#### DATASET SECTION:
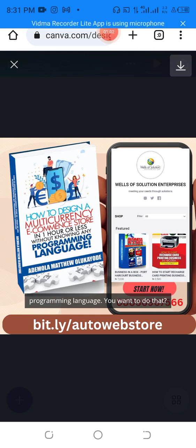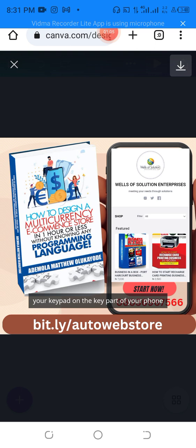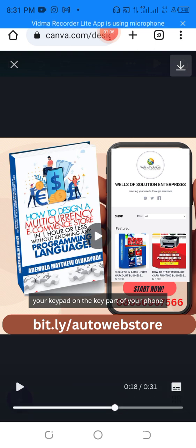You want to do that? You can see that's the way to go. Why don't you punch your keypad? That's actually the way to go. As you can see, the text is being generated.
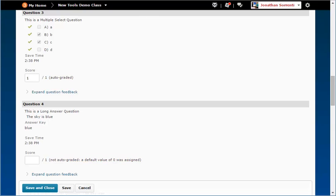If you graded the question manually, then the parentheses will say graded by and it will list your name. When you change a student's score, you will see that the auto-graded will change to your name.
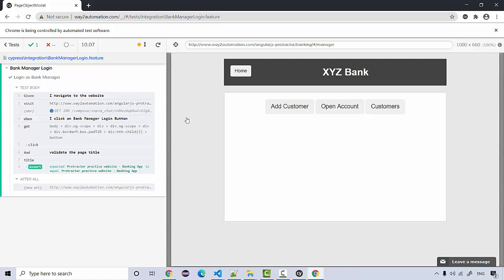In the next module we're going to see how we can integrate the page objects that we've created and how we can use them with our Cucumber test as well. That's all in this lecture, thank you.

#### WHAT TO DO:
The whole listing above, line by line, needs to be copied exactly, except for any images.

#### RESULT FOR THIS EXERCISE:
You want to do that? You can see that's the way to go. Why don't you punch your keypad? That's actually the way to go. As you can see, the text is being generated.
If you graded the question manually, then the parentheses will say graded by and it will list your name. When you change a student's score, you will see that the auto-graded will change to your name.
In the next module we're going to see how we can integrate the page objects that we've created and how we can use them with our Cucumber test as well. That's all in this lecture, thank you.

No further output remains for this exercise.